### TO DO:
The entries below contain a line with "Sapato Oxford High" and a line with "in Gardendale, AL". Quote exactly those two lines and all lines between them.

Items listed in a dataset

__________

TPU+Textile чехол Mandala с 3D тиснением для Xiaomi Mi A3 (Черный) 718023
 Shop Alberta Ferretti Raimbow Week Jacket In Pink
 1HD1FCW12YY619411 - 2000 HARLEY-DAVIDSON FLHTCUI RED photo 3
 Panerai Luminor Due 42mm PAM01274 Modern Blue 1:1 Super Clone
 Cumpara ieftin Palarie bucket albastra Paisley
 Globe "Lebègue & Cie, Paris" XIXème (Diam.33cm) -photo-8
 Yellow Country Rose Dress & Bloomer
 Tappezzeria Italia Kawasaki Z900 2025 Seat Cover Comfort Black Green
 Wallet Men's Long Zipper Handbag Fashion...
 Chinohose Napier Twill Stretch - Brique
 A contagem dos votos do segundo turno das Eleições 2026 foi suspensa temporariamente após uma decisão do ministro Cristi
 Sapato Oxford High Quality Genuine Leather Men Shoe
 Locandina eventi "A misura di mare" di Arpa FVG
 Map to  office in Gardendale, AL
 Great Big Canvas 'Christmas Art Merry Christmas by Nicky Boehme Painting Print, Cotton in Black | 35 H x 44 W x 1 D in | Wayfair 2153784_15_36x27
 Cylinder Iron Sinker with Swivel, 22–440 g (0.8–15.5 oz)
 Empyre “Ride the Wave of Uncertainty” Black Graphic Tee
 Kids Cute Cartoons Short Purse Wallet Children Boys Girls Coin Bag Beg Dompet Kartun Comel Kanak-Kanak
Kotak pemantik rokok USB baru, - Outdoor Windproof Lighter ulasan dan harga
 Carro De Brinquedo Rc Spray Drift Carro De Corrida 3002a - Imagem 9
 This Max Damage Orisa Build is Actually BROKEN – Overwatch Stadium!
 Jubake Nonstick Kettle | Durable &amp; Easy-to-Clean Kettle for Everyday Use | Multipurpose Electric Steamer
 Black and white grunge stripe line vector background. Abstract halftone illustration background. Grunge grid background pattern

__________

### RESPONSE TO THIS TASK:
 Sapato Oxford High Quality Genuine Leather Men Shoe
 Locandina eventi "A misura di mare" di Arpa FVG
 Map to  office in Gardendale, AL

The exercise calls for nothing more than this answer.